Word for word, restate the lines of the listing below from the line with "2-комн квартира Гарнизонный переулок, 1А" through the line with "xQc does a perfect", and do not include the pictures.
[Opening MATERIAL FOR THIS EXERCISE section]
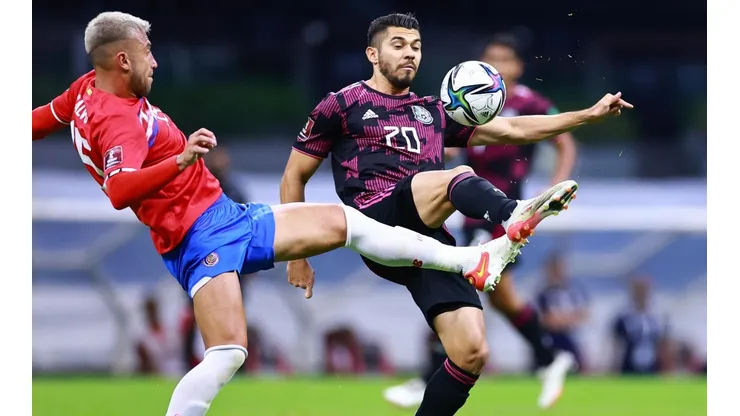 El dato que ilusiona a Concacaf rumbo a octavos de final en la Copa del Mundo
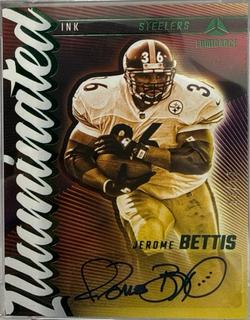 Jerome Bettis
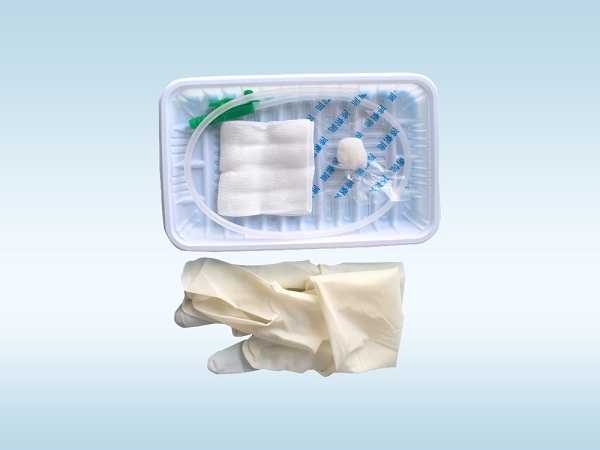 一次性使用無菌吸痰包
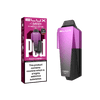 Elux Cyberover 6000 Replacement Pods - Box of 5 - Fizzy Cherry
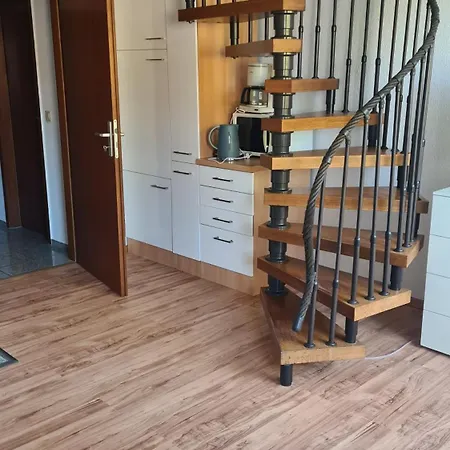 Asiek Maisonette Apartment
[Closing MATERIAL FOR THIS EXERCISE section]
[Opening MATERIAL FOR THIS EXERCISE section]
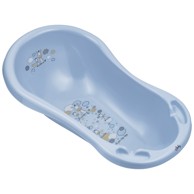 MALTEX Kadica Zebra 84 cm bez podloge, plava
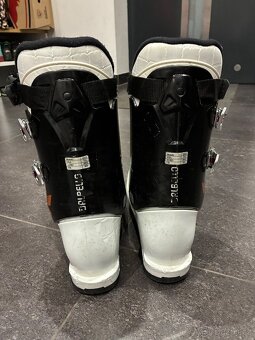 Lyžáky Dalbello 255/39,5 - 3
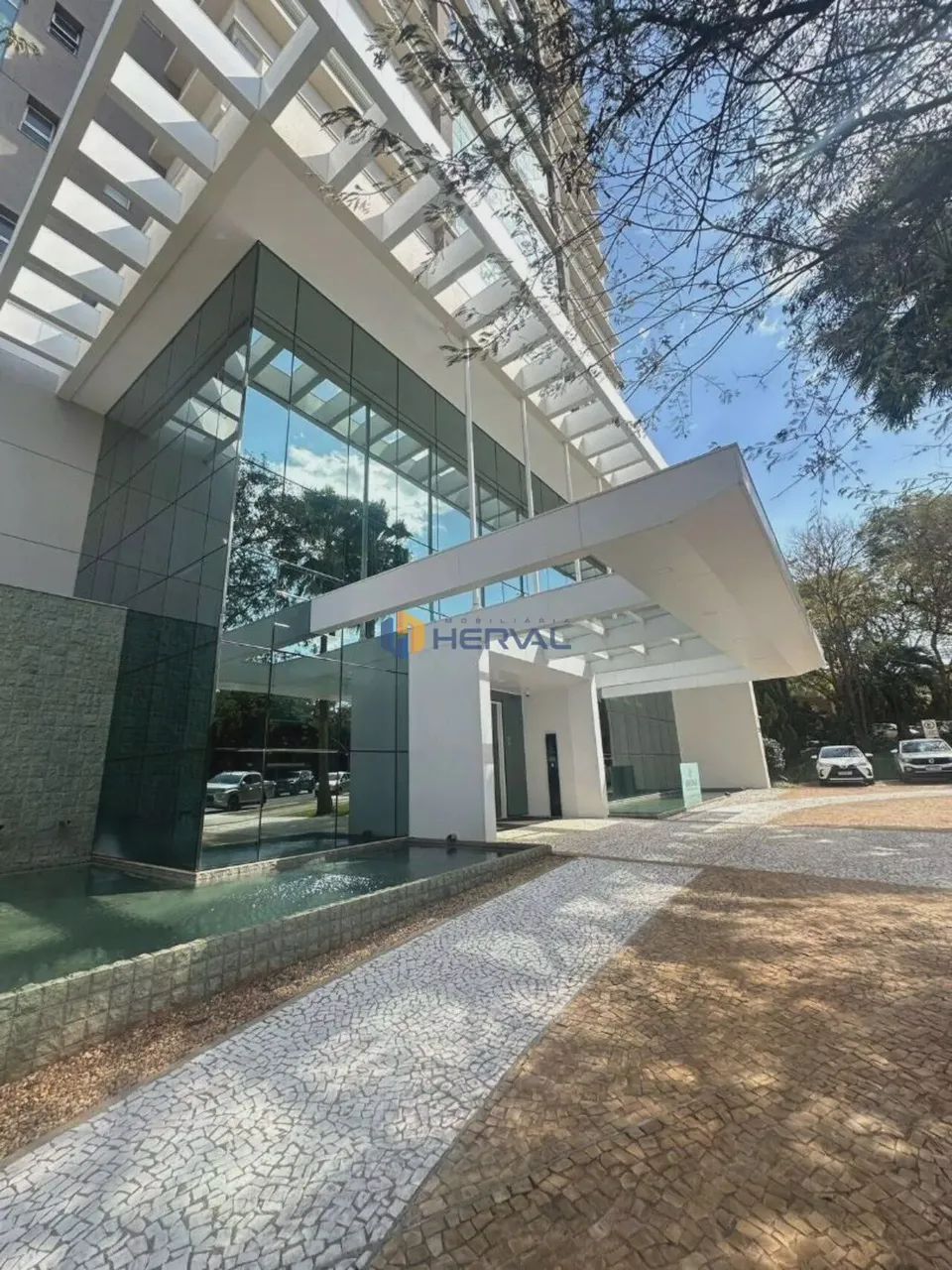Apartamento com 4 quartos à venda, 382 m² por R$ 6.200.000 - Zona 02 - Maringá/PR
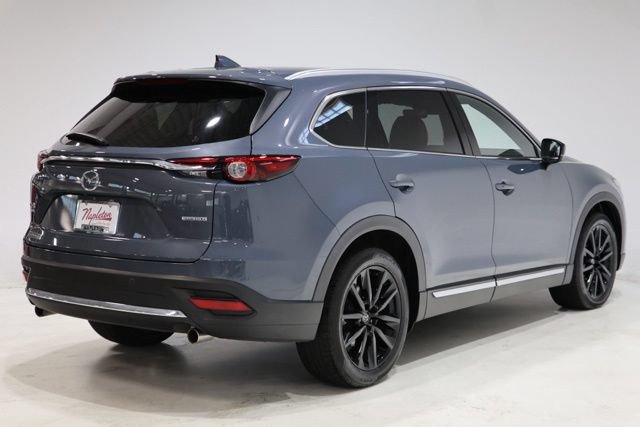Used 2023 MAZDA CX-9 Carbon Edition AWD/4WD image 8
[Closing MATERIAL FOR THIS EXERCISE section]
[Opening MATERIAL FOR THIS EXERCISE section]
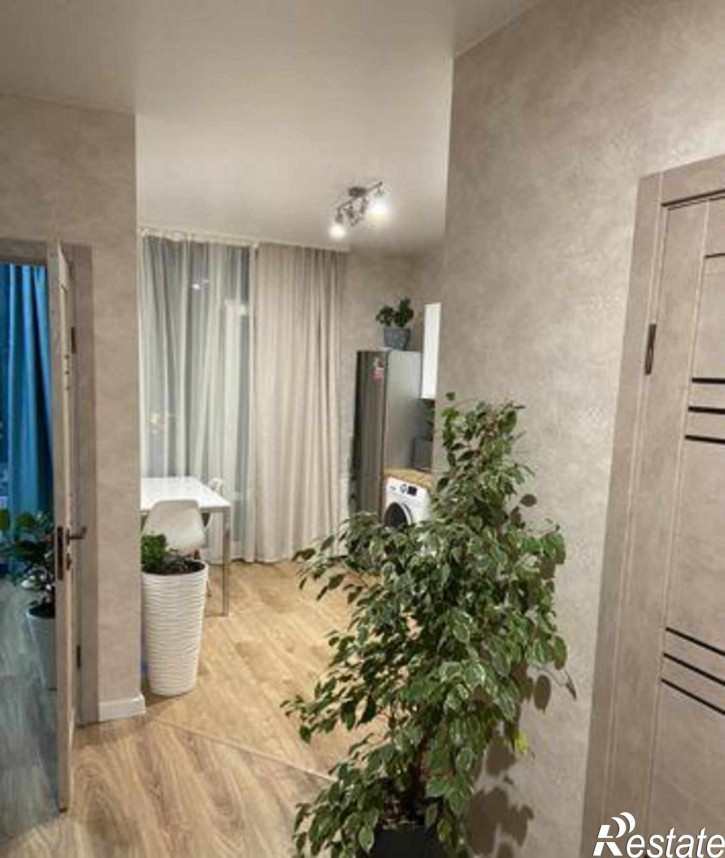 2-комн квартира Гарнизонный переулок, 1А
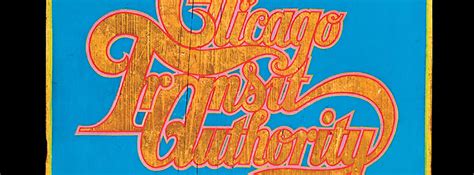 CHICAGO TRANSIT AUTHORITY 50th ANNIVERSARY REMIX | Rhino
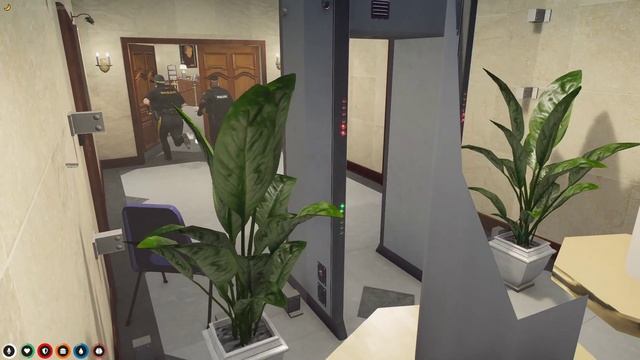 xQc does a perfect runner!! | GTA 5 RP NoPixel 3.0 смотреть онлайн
[Closing MATERIAL FOR THIS EXERCISE section]
[TASK ANSWER]:
 2-комн квартира Гарнизонный переулок, 1А
 CHICAGO TRANSIT AUTHORITY 50th ANNIVERSARY REMIX | Rhino
 xQc does a perfect runner!! | GTA 5 RP NoPixel 3.0 смотреть онлайн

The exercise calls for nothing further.